United States History Sources

The sources gathered under this heading will provide you with brief summaries of information about topics in American history. The information contained in these sources aren't bound by subject or time, but contain comprehensive listings of information across the expanse of the historic record of the United States. Sources like these are useful for gaining basic factual information and suggestions for further reading about any given topic.

Dictionaries:

The Dictionary of American History

Similar Sources to Consult:
Oxford Companion to American History

The Dictionary of American History is arranged by subject so that each topic related to American history is given an entry, which is designed to describe the basic elements of the event - when, where, who and the outcome. Each entry contains a brief overview or summary of the event. At the end of the entry, the author provides a bibliography for further reading. Both the summary and the bibliography will be useful for your research. Within each entry, there are many clues or key words that may be helpful to you; write them down on note cards and keep track of where you get the information you write down. You may want to go back to these reference sources later in the research process. By using note cards, you can keep the information you find organized and maintain a list of sources you have examined. Use the four sections outlined below to arrange the information on your note cards:

Things To Look For:

  1. Names of people
  2. Place names - towns, cities, geographic features, bodies of water, mountains, lakes, rivers, etc.
  3. Dates and Statistics
  4. Outcome Statements - what was the end result of the event?

Here is a list of terms taken from the Bunker Hill entry in the Dictionary of American History broken down by sections:

People: Colonel William Prescott, Major General Israel Putnam, Brigadier General Sir William Howe, John Stark, Major Pitcairn, Joseph Warren

Place names: Bunker Hill, Boston, Charlestown, Breed's Hill, Mystic River, New Hampshire, Lexington

Dates and Statistics: Day of the battle - June 17, 1775

1200 American militia were sent to Charlestown to seize Bunker Hill - June 16, 1775

British casualties: 1054

American casualties: 441
Battle lasted 2 hours

Outcome Statements (summary):

After an engagement lasting less than two hours, the British were masters of the peninsula, but with heavy casualties of 1054, while the Americans lost, in killed, wounded and prisoners, but 441.

At first regarded by the Americans as a defeat, Bunker Hill, Because of the way in which militia resisted regulars, came to be regarded as a moral victory, leading to a dangerous overconfidence in unpreparedness.

Research Activity - Choosing the Next Step in the Research Process

Now it is time to choose the next step in your research.
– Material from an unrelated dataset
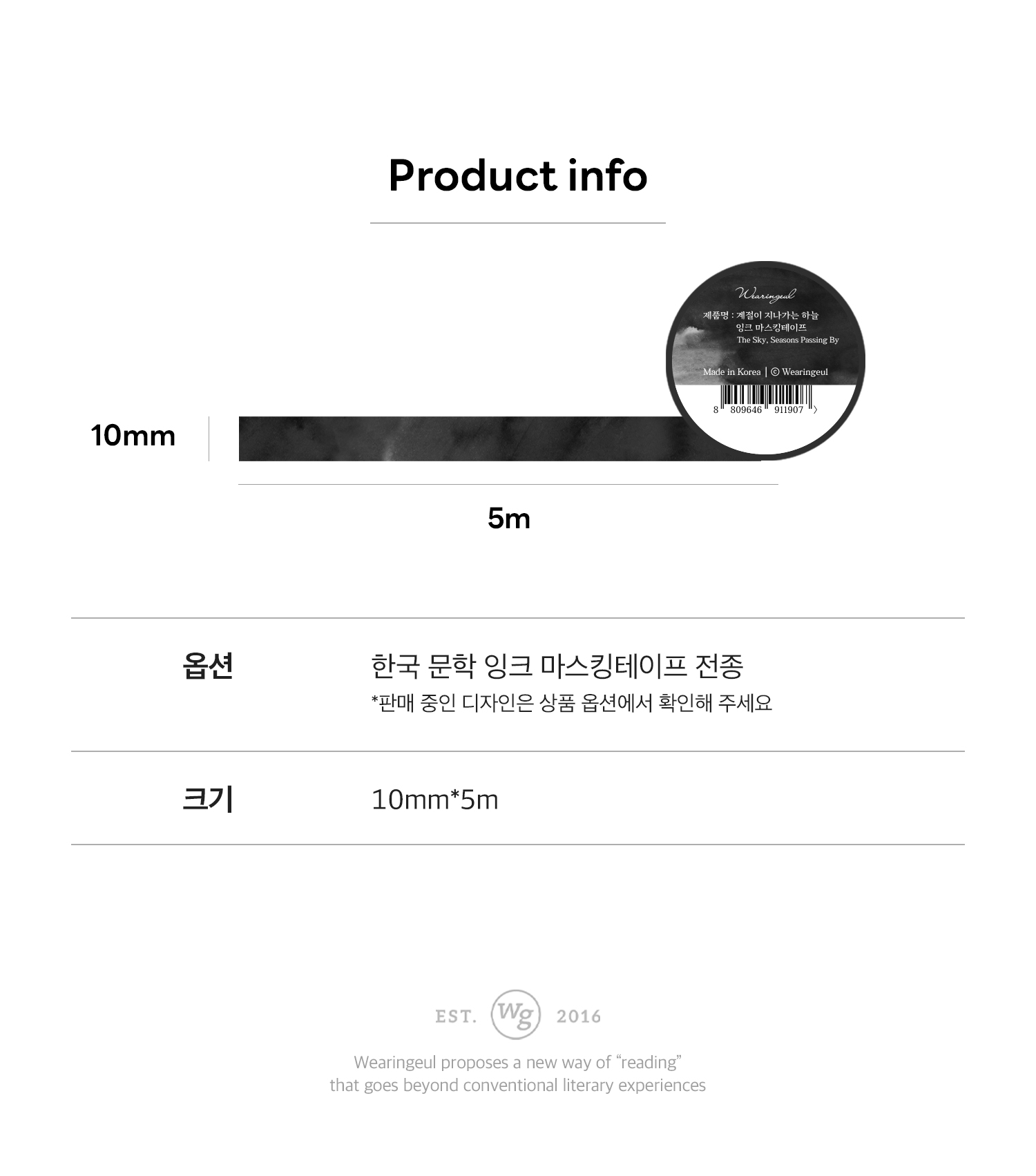 [단품]한국 문학 잉크 마스킹테이프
You can go directly from sources like the Dictionary of American History and the others listed below to the recommended reading on the topic given in the bibliography section of the entry. Within the entry for the Battle of Bunker Hill, in the Dictionary of American History, the author recommends two secondary sources related specifically to Bunker Hill for further reading. If you choose to go directly to a secondary source, then you should have a look at the Using Secondary Sources as a Reference Tool before moving forward.

Research Activity -- Bunker Hill - Finding Evidence within the Exhibit

There are conflicting reports of the precise timeline of the Battle of Bunker Hill. The evidence is not conclusive regarding the exact time of day the Battle began or ended. Ask yourself these questions: What type of evidence can answer these questions? Can you find evidence in any of the letters used in the exhibit that reveals what time of day the Battle began? How long it lasted? What the weather was like the day of the Battle? Does what Peter Brown said about the time of the Battle differ from what the Dictionary of American History entry says? Which is more accurate? Why?